Problem requirements: Your task is to transcribe the data exactly while omitting each picture.

Recorded data:
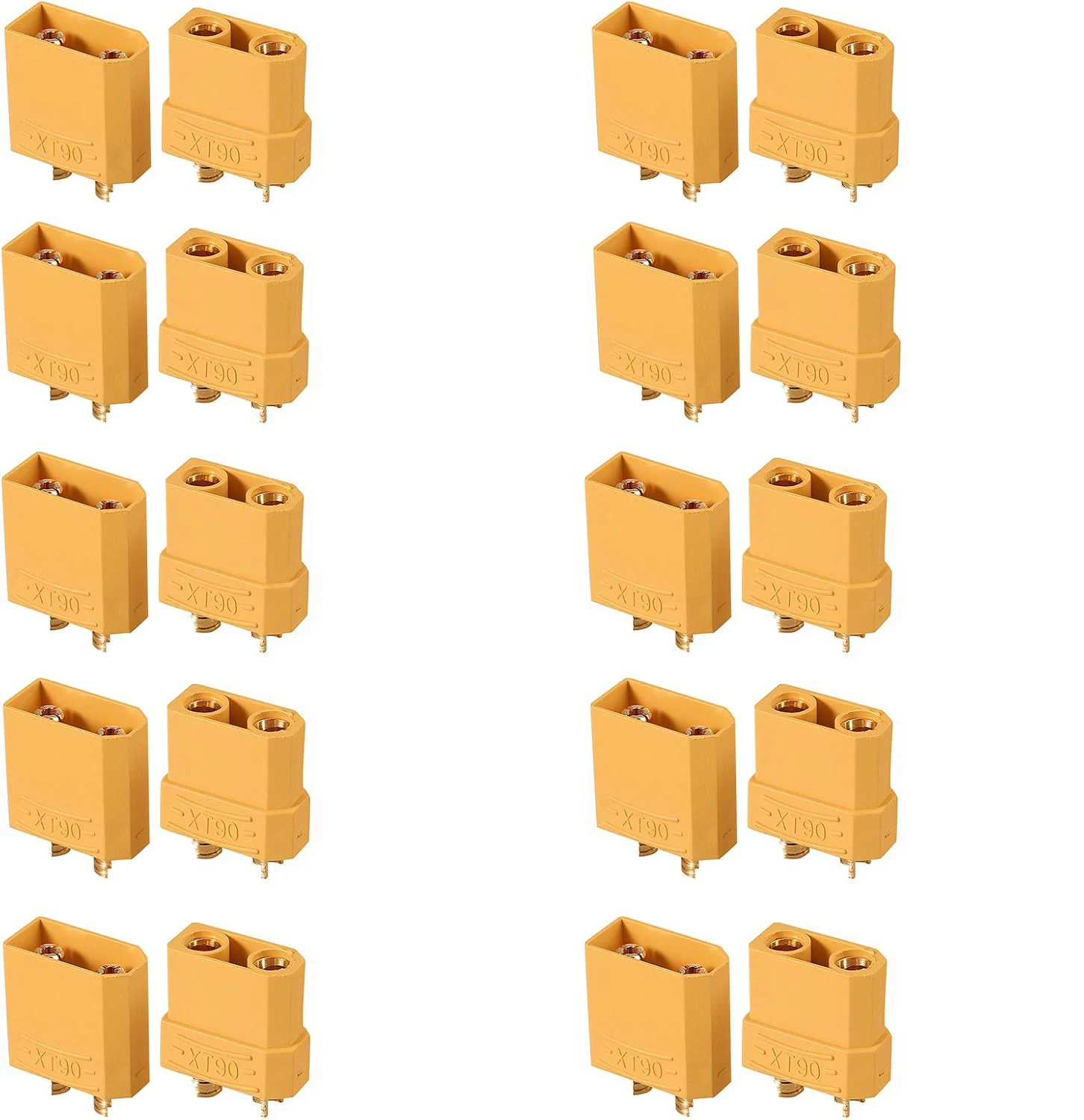 10 Stücke/5 paar XT90 Stecker Update XT90S Anti-Funken Männlich Weiblich für RC FPV Lipo Batterie ESC Ladegerät Blei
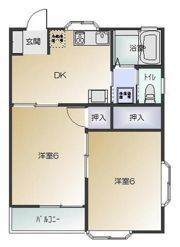 グランドール北陽の間取り画像
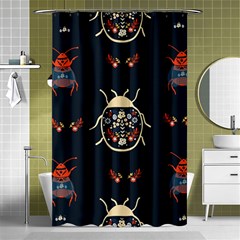 Floral-bugs-seamless-pattern Shower Curtain 48  X 72  (small)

Answer section:
 10 Stücke/5 paar XT90 Stecker Update XT90S Anti-Funken Männlich Weiblich für RC FPV Lipo Batterie ESC Ladegerät Blei
 グランドール北陽の間取り画像
 Floral-bugs-seamless-pattern Shower Curtain 48  X 72  (small)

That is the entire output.